Steve Nash : « Je me suis cassé la jambe pour cette équipe »

Steve Nash espère toujours être de retour la saison prochaine et réaffirme son envie d'aller au bout de son contrat malgré les blessures à répétition auxquelles il a été confronté depuis deux ans.

Yann LachendrowieczPar Yann Lachendrowiecz  | Publié  | BasketSession.com / NEWS
Steve Nash : « Je me suis cassé la jambe pour cette équipe »
A 40 ans et après deux saisons pourries par les blessures, Steve Nash reste toutefois confiant quant à ses chances d'être opérationnel pour le prochain training camp des Lakers. Le meneur canadien s'est donné trois à quatre semaines pour retrouver la forme et se débarrasser définitivement de ses soucis aux ischio-jambiers et au genou, ainsi que de ses douleurs chroniques au dos qui l'ont contraint cette saison à aller et venir entre la salle d'entraînement et l'infirmerie. A un an du terme de son contrat, le vétéran s'est entretenu jeudi avec Mitch Kupchak au sujet de son futur. Une réunion qui n'a pas permis d'en savoir davantage quant à sa situation. La question est donc toujours la même pour le front office californien : Steve Nash parviendra-t-il à retrouver une condition physique suffisante ou bien devra-t-il se faire une raison et tirer sa révérence ?

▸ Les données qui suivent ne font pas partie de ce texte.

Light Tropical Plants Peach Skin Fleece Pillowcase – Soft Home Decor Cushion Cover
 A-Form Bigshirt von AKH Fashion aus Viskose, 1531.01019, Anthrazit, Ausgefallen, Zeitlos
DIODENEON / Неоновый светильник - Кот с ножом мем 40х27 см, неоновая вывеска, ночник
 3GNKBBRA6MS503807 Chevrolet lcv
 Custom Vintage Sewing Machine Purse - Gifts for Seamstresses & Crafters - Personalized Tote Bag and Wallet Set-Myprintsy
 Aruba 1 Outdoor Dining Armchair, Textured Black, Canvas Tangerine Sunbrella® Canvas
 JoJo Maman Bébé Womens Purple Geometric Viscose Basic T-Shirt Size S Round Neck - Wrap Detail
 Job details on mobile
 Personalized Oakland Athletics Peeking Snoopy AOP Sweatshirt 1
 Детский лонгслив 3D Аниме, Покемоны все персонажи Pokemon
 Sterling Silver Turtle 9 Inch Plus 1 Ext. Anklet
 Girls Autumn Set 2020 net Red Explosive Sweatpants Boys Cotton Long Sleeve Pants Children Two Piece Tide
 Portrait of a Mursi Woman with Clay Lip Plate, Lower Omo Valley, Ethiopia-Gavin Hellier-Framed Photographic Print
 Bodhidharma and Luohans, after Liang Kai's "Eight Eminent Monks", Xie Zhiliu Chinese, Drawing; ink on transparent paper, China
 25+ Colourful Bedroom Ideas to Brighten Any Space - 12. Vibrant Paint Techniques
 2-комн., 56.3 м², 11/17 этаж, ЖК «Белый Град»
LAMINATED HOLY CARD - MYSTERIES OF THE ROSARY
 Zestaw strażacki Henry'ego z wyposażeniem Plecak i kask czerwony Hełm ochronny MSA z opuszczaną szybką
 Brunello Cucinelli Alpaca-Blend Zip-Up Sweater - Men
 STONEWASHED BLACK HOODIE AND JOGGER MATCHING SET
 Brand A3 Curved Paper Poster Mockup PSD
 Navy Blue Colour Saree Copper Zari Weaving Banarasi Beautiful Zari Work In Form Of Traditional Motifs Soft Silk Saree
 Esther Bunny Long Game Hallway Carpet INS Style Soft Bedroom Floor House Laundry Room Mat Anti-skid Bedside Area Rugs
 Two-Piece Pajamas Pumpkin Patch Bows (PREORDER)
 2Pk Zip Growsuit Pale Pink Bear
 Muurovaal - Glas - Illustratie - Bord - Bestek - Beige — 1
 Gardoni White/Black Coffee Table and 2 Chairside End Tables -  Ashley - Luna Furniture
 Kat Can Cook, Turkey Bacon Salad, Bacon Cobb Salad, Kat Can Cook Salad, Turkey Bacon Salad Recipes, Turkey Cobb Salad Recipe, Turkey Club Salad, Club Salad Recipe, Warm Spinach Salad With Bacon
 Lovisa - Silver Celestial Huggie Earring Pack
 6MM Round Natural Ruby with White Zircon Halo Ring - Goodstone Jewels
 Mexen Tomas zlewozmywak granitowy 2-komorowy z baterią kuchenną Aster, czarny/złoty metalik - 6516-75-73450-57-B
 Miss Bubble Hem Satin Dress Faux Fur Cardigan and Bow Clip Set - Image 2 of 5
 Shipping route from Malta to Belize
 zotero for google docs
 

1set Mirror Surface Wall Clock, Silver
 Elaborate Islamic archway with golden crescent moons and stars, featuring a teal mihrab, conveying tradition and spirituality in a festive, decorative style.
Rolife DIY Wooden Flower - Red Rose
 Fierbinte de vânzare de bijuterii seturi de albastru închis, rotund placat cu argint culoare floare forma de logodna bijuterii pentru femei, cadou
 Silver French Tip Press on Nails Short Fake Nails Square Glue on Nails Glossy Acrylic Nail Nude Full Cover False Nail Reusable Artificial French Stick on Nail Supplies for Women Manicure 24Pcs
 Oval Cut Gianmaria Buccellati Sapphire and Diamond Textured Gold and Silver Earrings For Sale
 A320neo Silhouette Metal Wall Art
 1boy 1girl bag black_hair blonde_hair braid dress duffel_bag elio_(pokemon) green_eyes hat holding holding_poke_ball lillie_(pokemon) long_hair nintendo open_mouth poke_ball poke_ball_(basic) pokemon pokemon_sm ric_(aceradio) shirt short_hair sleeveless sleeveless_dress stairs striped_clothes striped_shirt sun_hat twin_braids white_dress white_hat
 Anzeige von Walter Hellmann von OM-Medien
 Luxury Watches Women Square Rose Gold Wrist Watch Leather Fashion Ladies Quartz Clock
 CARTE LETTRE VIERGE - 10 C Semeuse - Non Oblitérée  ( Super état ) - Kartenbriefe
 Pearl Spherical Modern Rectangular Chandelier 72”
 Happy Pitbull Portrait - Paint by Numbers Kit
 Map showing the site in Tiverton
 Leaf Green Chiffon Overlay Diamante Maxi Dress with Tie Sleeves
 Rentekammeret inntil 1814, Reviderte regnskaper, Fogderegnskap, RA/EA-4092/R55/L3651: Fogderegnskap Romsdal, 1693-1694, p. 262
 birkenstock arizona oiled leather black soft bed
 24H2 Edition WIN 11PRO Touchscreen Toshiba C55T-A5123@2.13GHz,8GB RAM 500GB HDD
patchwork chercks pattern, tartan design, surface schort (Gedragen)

« C’est une bonne question », a-t-il fait remarquer à Yahoo ! Sports.   « Je pense que dans mon esprit, oui, je serai au training camp. Mais qui sait ? Je ne prends rien pour acquis aujourd’hui. Je veux travailler le plus dur possible pour me mettre dans une situation dans laquelle je serai compétitif. En même temps, je devrai me le prouver à moi-même tous les jours. »
Difficile néanmoins pour un tel compétiteur de terminer sa carrière après deux saisons d'échec total sur le plan sportif, lui qui s'était laissé attirer par les sirènes de L.A. dans l'espoir de remporter son premier titre NBA.
« Nous avons touché le fond. Nous visions le titre et rien ne s’est passé comme prévu. C’est vraiment une catastrophe, individuellement et collectivement. »
Et si le doute demeure quant à sa présence au sein de l'effectif angeleno l'année prochaine, Steve Nash est en revanche sûr d'une chose, il ne reviendra pas s'il ne se sent pas capable de jouer au plus haut niveau. Conscient de ses limites et fidèle à ses principes, il tient à rester honnête vis-à-vis de ses dirigeants.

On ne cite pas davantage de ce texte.